**Directions**
A stretch of the entries below is to be set down exactly, running from the line with "Refreshing green tea" through the line with "Large garage in back.", both included, and no other line.

**Records shown**
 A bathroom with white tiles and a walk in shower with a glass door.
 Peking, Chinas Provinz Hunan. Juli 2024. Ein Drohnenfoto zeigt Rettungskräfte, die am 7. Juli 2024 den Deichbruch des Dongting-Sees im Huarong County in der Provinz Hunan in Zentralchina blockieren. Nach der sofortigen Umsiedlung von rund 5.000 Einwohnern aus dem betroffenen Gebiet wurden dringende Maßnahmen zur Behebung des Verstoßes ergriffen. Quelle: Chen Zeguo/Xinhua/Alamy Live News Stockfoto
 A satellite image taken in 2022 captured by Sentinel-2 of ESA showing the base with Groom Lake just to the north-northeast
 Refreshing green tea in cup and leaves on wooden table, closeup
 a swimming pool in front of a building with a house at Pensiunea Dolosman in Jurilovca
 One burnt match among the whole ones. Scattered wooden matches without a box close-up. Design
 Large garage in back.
---
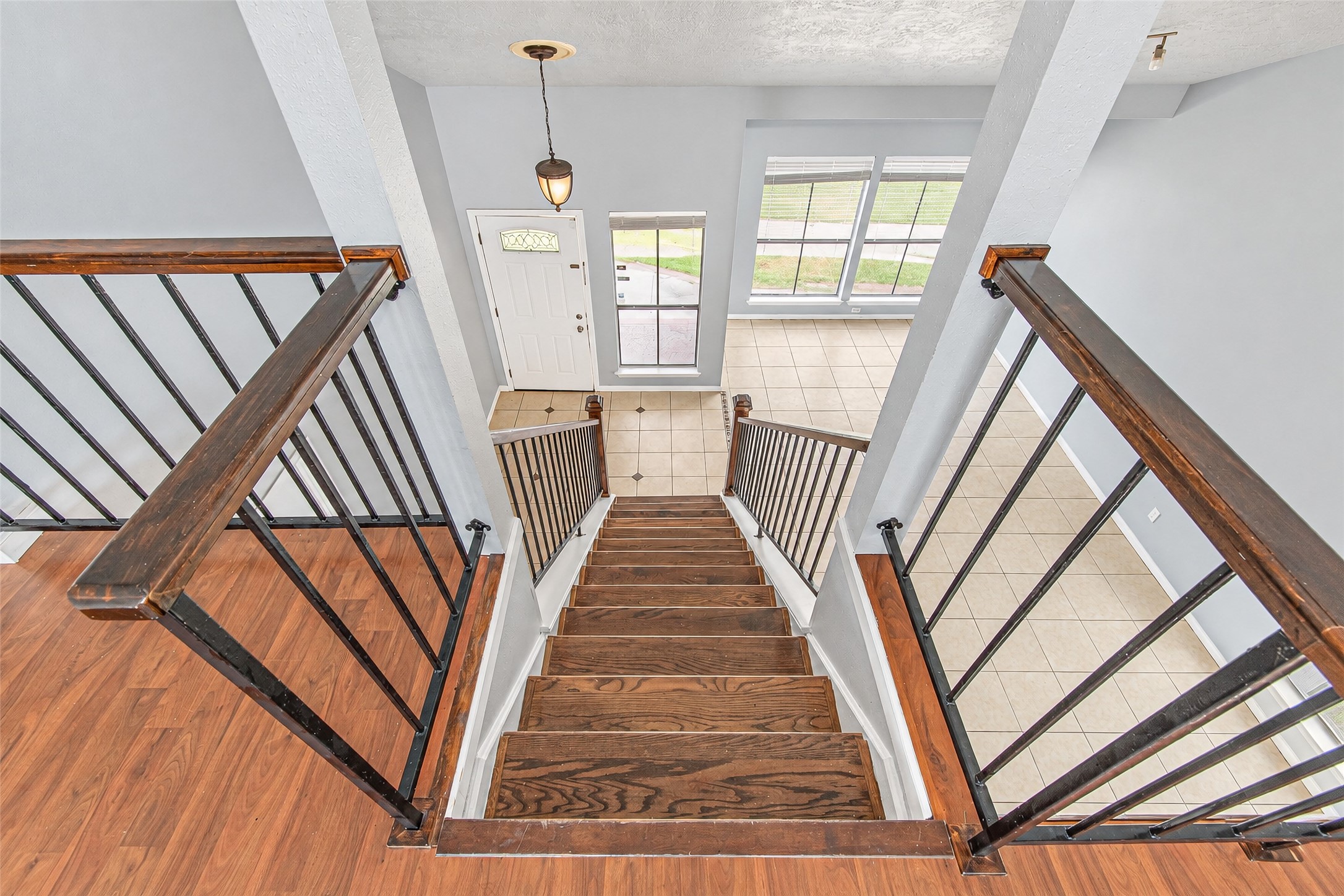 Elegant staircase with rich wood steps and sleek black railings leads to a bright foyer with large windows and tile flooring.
---
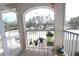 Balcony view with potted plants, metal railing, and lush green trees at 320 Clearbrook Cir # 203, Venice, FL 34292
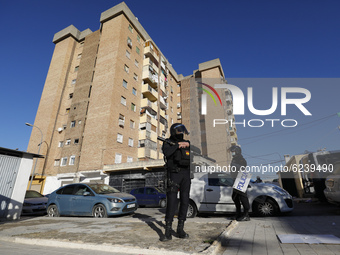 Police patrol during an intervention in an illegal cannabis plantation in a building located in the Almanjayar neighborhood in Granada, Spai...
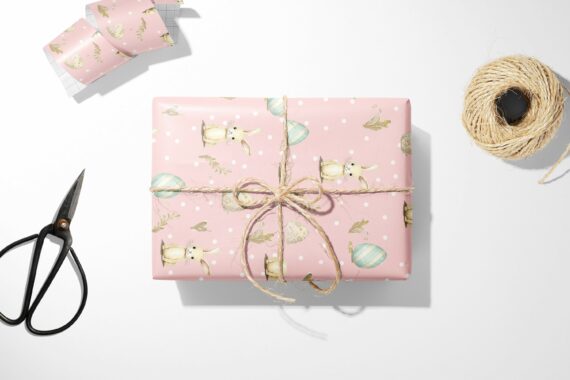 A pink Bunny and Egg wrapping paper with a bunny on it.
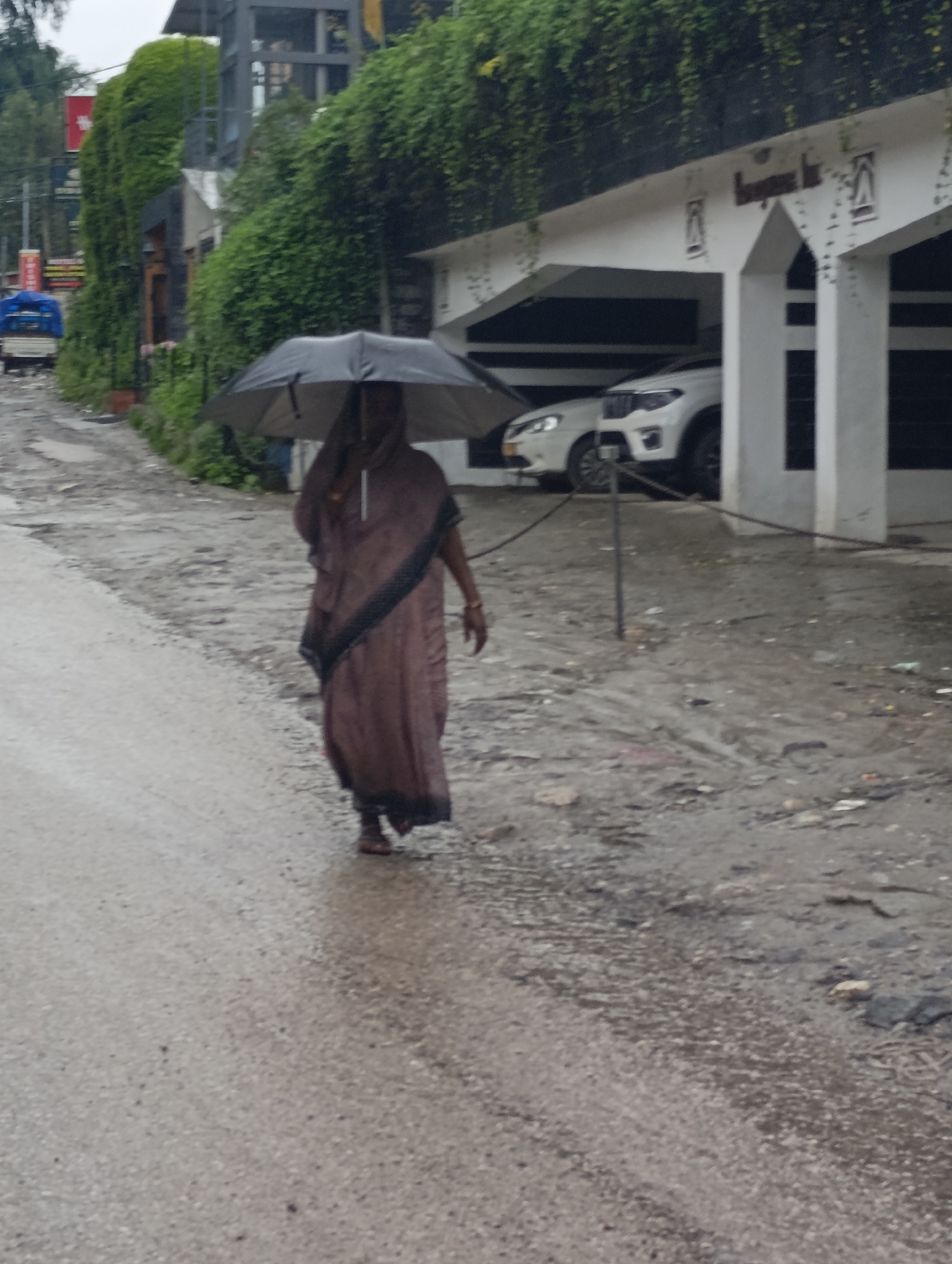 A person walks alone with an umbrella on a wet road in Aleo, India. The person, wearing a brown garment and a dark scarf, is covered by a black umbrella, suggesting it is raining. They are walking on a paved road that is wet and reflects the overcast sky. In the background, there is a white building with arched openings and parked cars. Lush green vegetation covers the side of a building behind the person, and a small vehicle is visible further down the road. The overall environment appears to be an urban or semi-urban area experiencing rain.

**Answer space**
 Refreshing green tea in cup and leaves on wooden table, closeup
 a swimming pool in front of a building with a house at Pensiunea Dolosman in Jurilovca
 One burnt match among the whole ones. Scattered wooden matches without a box close-up. Design
 Large garage in back.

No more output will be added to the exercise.